A: There was a runner on first base. If there is a runner on first and less than two outs a batter cannot run to first on strike three. The shock here is that there was a runner on first against Chapman.

Q: Ken Griffey Jr. will be the next former Reds player to make the Hall of Fame, but is there any chance of Buddy Bell receiving that honor? — Dick, Dayton.

A: Unfortunately, Griffey will go in as a Mariner after doing most of his wonderful deeds in Seattle. While Buddy Bell is a Hall of Fame person, his numbers (.279, 201 homers, 1,106 RBI) won’t earn him a plaque. And he only played three of his 18 years in Cincinnati and would go in as a Texas Ranger.

Q: Why haven’t the Reds retired Joe Nuxhall’s number? — Craig, Fairborn.

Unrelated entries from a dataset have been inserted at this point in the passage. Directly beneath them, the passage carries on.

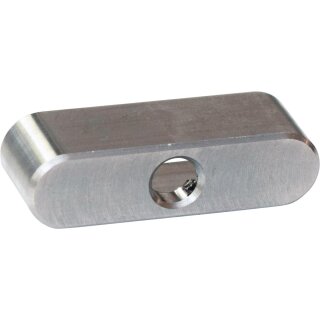 Shorty Turn Signal Weld-In Bracket for Shorty lighting modules CCE#619247, 619248, 619249, 619250, 619251 Raw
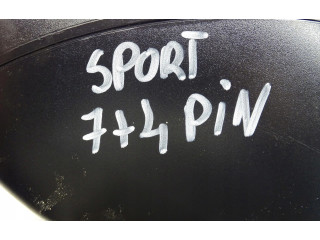 Zpětné zrcátko Land Rover Range Rover Sport L320 2009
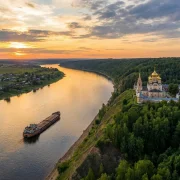 Nikitamda - Волга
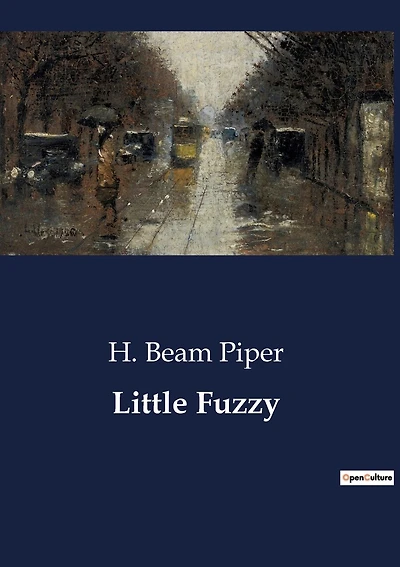 Little Fuzzy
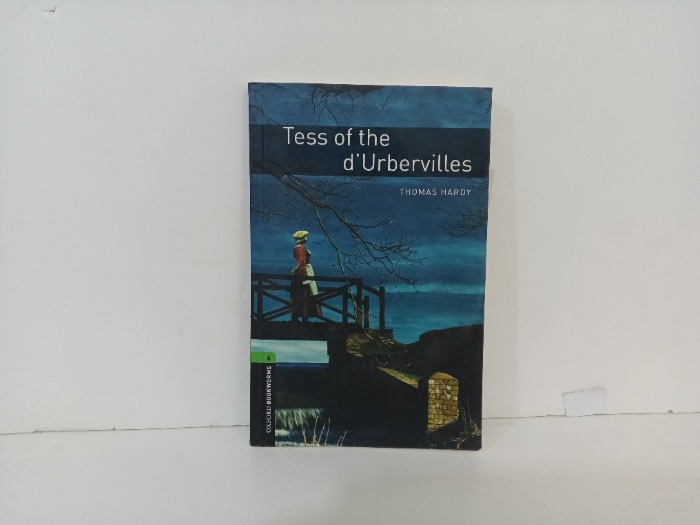 Tess of the d Urbervilles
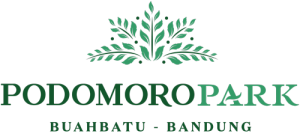 Podomoro Park Logo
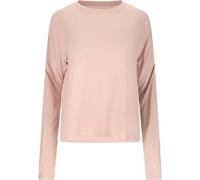 ATHLECIA Longsleeved t-shirt Pacy V2 (EA264080-GRS) 36 rosa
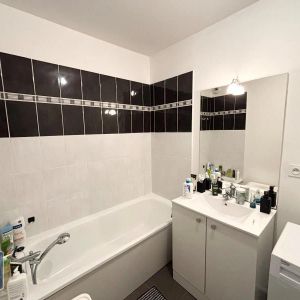 Appartement à louer 2 pièces 44.94m² - Photo 2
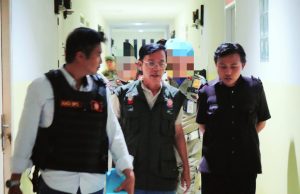 Kos-kosan short time di karawang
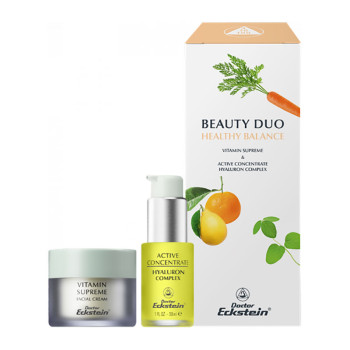 Beauty Duo Healthy Balance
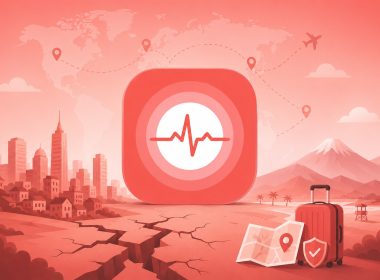 My Earthquake Alerts app
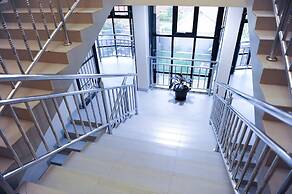 Eric Wilkins Apartments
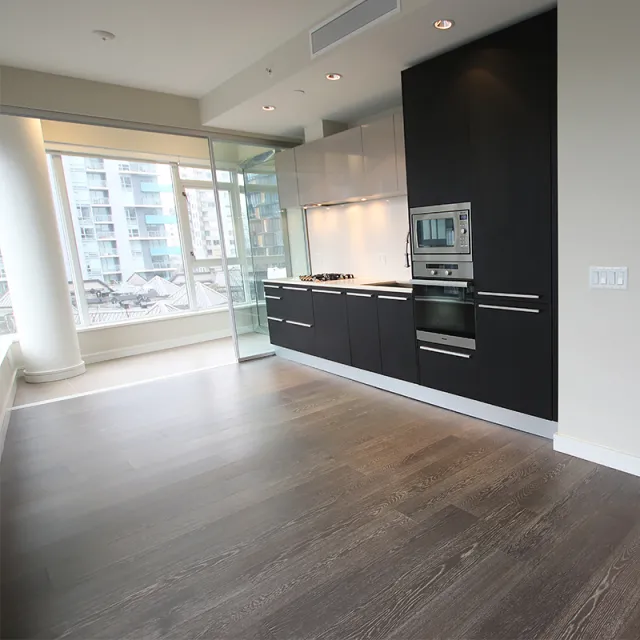 Alexandra in The West End - 1 Bedroom Apartment For Rent in Vancouver 702 - 1221 Bidwell Street, Vancouver, BC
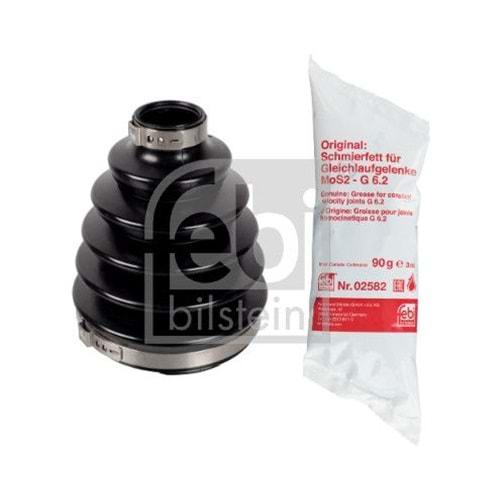 VW KÖRÜK AKS TK ÖN A4 2016+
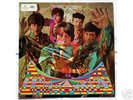The Hollies EVOLUTION UK LP 1st Press STERO MINT-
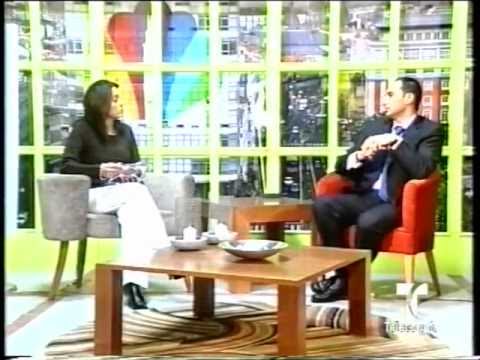 Programa Galerías Telecoruña (parte 2)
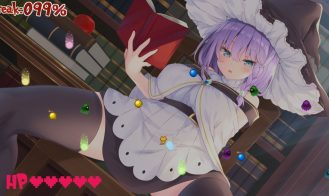 Splash Girls Adult Game Screenshots (1)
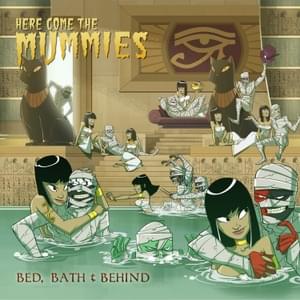 Overdo It - Here Come The Mummies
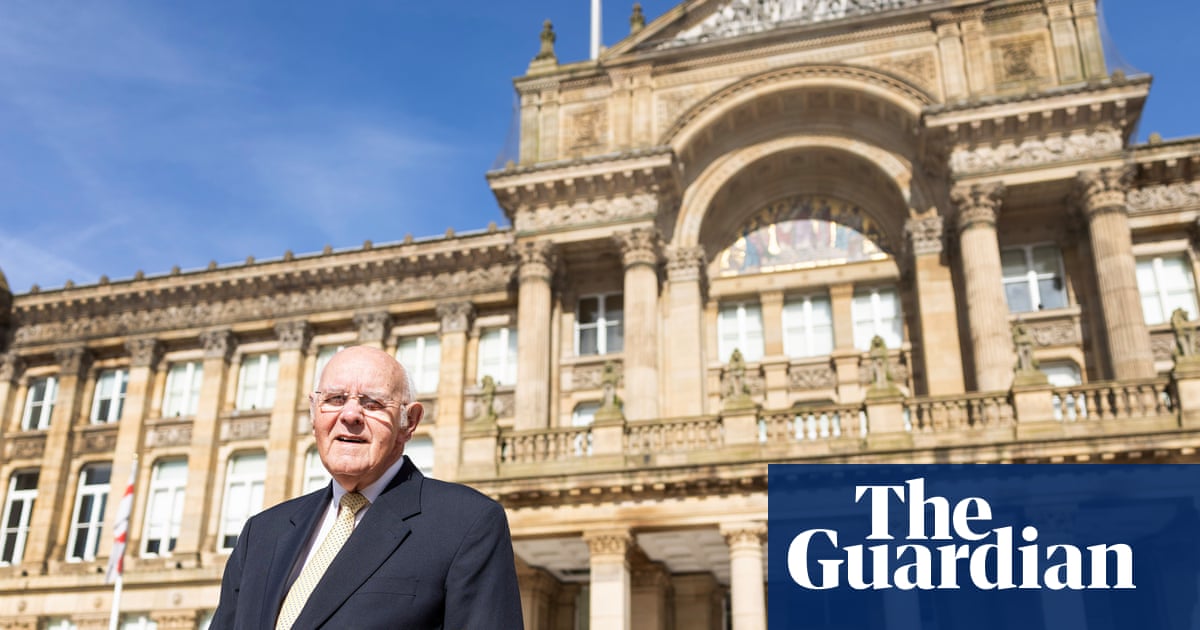 Birmingham regorge de candidats aux élections locales – mais le résultat sera-t-il une « coalition du chaos » ? | Birmingham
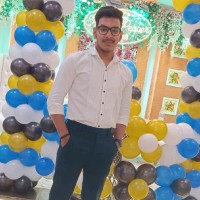 Harshit Phartiyal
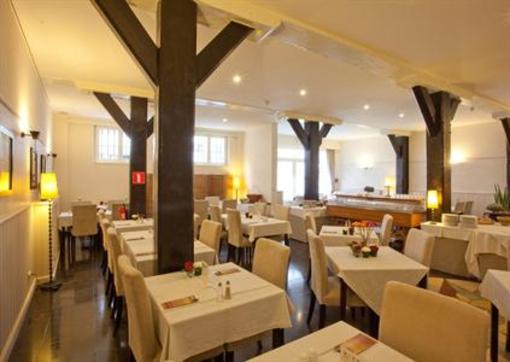 фото отеля Hotel 't Sandt
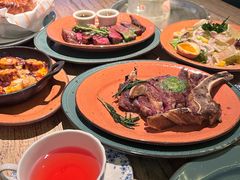 -良木缘咖啡西餐(蜀汉路店)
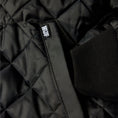 Load image into Gallery viewer, HUF x Spitfire Reversible Plaid Jacket Navy / Black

A: Nuxy already has a statue, a street named after him, his sign-off phrase, “Round third and head for home,” is emblazoned on the stadium and a microphone emblem on the press box. That’s more honors than most, but his 130-109 record with a 3.80 earned run average — mostly for mediocre teams, certainly merit consideration. Which would it be, though? He wore 39 and 41 during his 15 years with the Reds.

Q: Is this the worst Reds bunting team you have cover because it seems they never get down a bunt when it is needed? — Joe, Hamilton.

A: I’ve never been asked to rate bunts, so I’ve not paid attention to how teams in the past have bunted. It does seem this team treats bunts like deadly snakes and go out of way to avoid it. It is an important aspect of the game, but I’ve never tried to bunt an 88 miles an hour slider, but I know it isn’t as easy as it looks to the guy eating Cheetos in front of the TV.

Q: With Aroldis Chapman so effective as a closer, affecting so many game outcomes, doesn’t it make sense to leave him there instead of moving him to the rotation? — Bob, Bellbrook.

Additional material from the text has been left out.